Data provided Start Marker
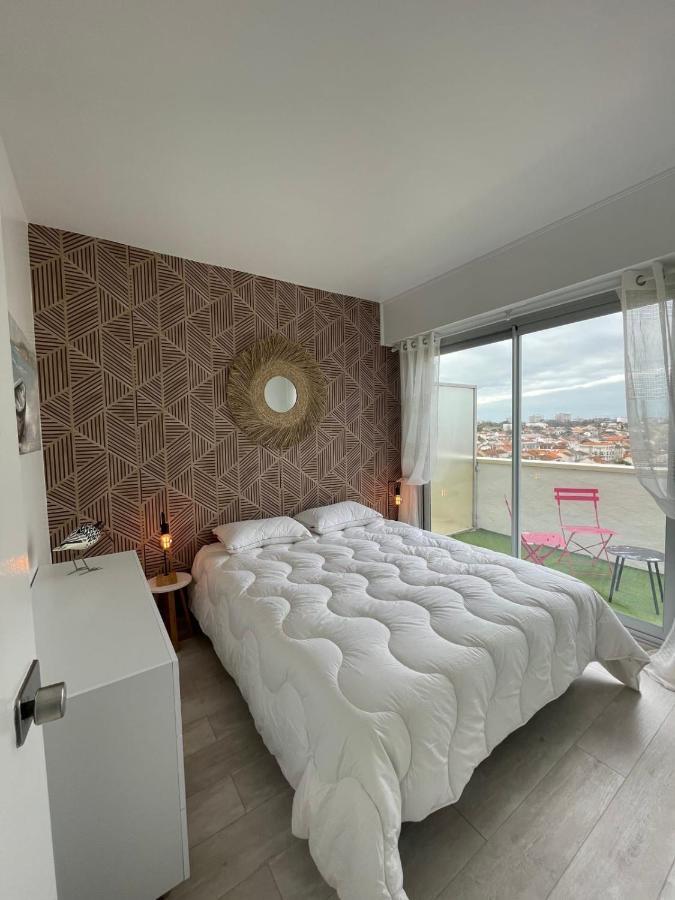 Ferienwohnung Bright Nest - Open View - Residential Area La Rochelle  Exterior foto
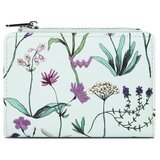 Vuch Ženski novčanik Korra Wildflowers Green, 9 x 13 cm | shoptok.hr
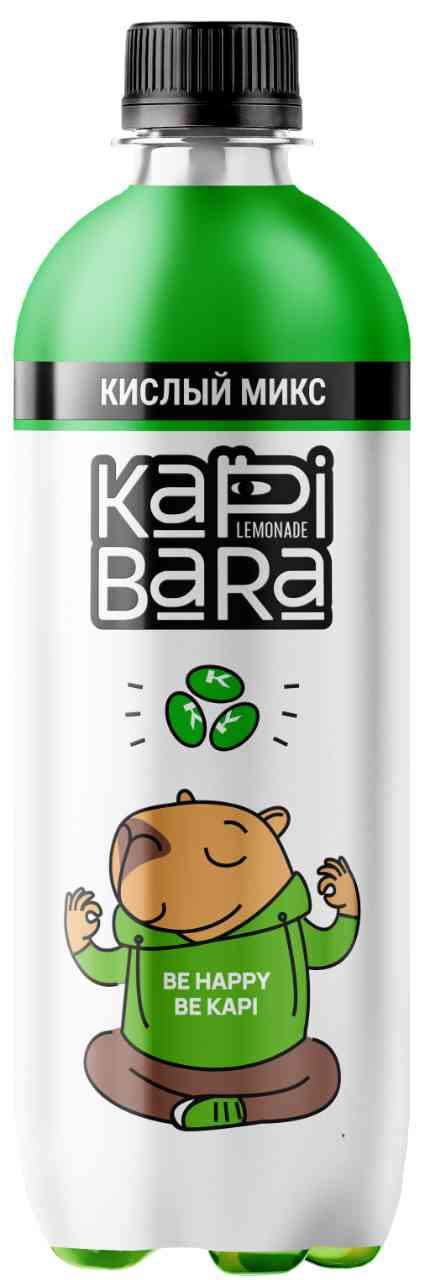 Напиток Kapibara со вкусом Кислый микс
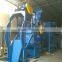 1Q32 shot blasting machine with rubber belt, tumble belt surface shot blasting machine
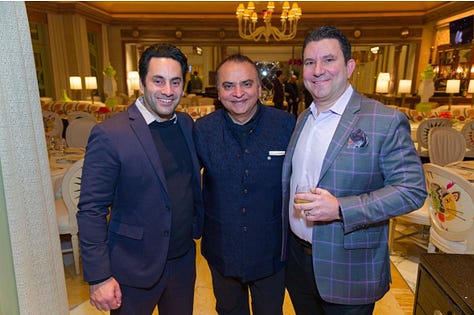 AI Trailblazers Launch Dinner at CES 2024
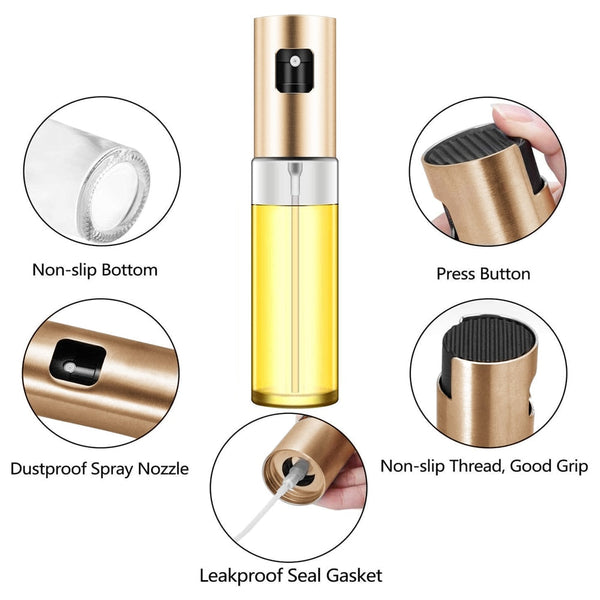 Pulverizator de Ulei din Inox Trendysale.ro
Data provided End Marker
### Work item
Pictures do not belong in the copy. Repeat exactly each line from the one with "Напиток Kapibara со вкусом Кислый микс" through the end of the listing.

### Response to the task
 Напиток Kapibara со вкусом Кислый микс
 1Q32 shot blasting machine with rubber belt, tumble belt surface shot blasting machine
 AI Trailblazers Launch Dinner at CES 2024
 Pulverizator de Ulei din Inox Trendysale.ro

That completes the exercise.